The timing of the action is interesting indeed. According to David Gibson of the Religion News Service, the investigation of LCWR was apparently initiated in 2008 and concluded in 2010, with the pope signing off on sanctions early in 2011. Hard to believe it’s a coincidence that the Vatican moved to curb the nuns for implicit insubordination against the Bishops just as the USCCB announced a big summer series of protests for “religious liberty” keyed to categorical opposition to the Obama administration’s efforts to implement a contraception coverage mandate, particularly since LCWR has been notably willing to support compromise efforts and earlier supported the health reform legislation that authorized the mandate.
Laurie Goodstein of the New York Times quotes Sr.
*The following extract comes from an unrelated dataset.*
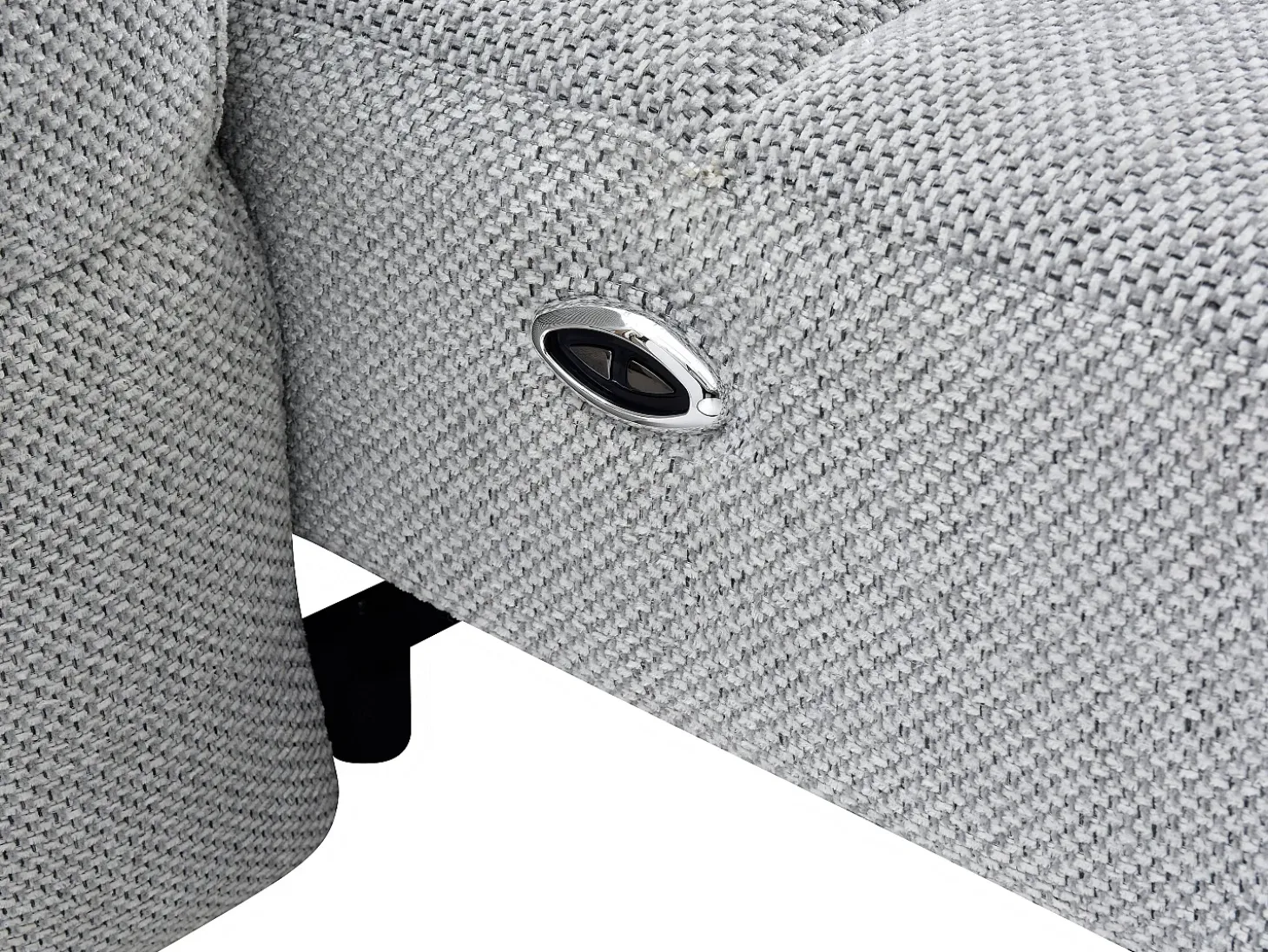 Sofá rinconera derecha relax con asiento deslizante eléctrico en tela gris CARIALA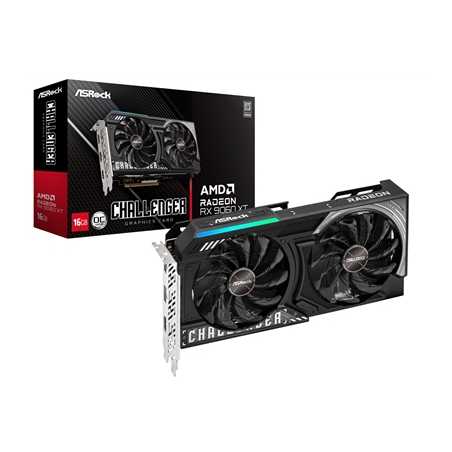 ASRock AMD Radeon RX 9060 XT Challenger OC 16GB GDDR6 Graphics Card, 2048 Streams, 3290MHz Boost Clock, Dual Fan, 2x DisplayPort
Simone Campbell, executive director of Network, as acknowledging the political intent of the rebuke:
“I would imagine that it was our health care letter that made them mad,” Sister Campbell said. “We haven’t violated any teaching, we have just been raising questions and interpreting politics.”
It’s noteworthy that an American, former San Franciso archbishop William Cardinal Levada, now heads the CDF and issued the rebuke. And he’s clearly putting his former colleagues from the USCCB in charge of the nuns’ “rehabilitation,” reports Goodstein:
He appointed Archbishop J. Peter Sartain of Seattle to lead the process of reforming the sisters’ conference, with assistance from Bishop Thomas J. Paprocki and Bishop Leonard Blair, who was in charge of the investigation of the group.
They have been given up to five years to revise the group’s statutes, approve of every speaker at the group’s public programs and replace a handbook the group used to facilitate dialogue on matters that the Vatican said should be settled doctrine. They are also supposed to review the Leadership Conference’s links with Network and another organization, the Resource Center for Religious Life.
There’s a separate investigation, dubbed a “visitation,” also underway under Vatican auspices to examine the overall situation of “women religious” in the U.S., that could lead to other sanctions and “reforms.”
And I’d bet it’s just a matter of time until other conscientious objecters against the Bishops’ declaration of culture war, such as the Catholic Health Association (itself led by a nun, Sr. Carol Keehan) and various Catholic colleges and universities, get a taste of the lash and some sternly worded advice and direction.